A Texas solar installer is spreading the word that rooftop solar installations can increase real estate values.
CAM Solar sent out a press release this week circulating the news that a recent study from Wells Fargo published in the Journal of Appraisers found that solar electric systems add 20 times the annual utility savings they generate to the real estate value of the home.
“This increases the value of a home by 3-4 percent,” according to the release. “That would mean an average 5-kilowatt solar system could add up to $9,000 in equity to the home it was installed on.”
And that’s great news for homeowners thinking about investing in solar. It means they’re likely to recover most, if not all, of their capital investment in their solar array even after enjoying savings on their utility bills for years.
If a homeowner pays $5 per watt, a 5-kilowatt system would cost $25,000, minus the 30 percent federal tax credit and utility rebates, which often reach to about another 30 percent of the system cost.
CAM installs solar arrays on residential rooftops in Texas, including condominiums and apartment complexes and works with builders who want to include rooftop solar energy systems with the homes they sell.
The recent Wells Fargo and Journal of Appraisers study echoes the results of a comprehensive 2011 study from researchers at the Lawrence Berkley National Laboratory. The researchers compared home sales prices of houses with and without solar installations in California. While the study period ended in 2009, it found that California homes with solar photovoltaic panels sold for a premium over those without them.
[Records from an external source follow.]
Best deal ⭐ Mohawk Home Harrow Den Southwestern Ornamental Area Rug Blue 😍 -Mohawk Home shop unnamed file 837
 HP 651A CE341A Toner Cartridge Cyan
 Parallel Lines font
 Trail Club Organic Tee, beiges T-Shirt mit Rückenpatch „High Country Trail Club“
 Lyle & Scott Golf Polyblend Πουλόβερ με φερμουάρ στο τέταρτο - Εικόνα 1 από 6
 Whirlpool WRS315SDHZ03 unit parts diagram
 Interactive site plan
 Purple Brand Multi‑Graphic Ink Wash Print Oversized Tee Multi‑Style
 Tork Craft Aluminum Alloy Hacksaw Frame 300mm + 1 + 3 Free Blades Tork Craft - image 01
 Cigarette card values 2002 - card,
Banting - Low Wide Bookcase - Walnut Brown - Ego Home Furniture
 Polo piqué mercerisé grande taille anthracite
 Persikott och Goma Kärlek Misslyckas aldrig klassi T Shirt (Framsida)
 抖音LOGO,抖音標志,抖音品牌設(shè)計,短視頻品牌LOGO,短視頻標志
At that time, the premium ranged from $3.90 to $6.40 per watt of capacity, according to a New York Times article. And at that time, the average cost of a solar array was $5.50 per watt.
The average sales price premium came out to about $17,000 for a 3-kilowatt system.
“These average sales price premiums appear to be comparable to the investment that homeowners have made to install PV systems in California,” according to the study.
However, that study found that people who bought brand new homes with solar already installed on them were less likely to get the same premiums when they sold their homes. And there was no mention of homeowners who leased rooftop solar panels in either release.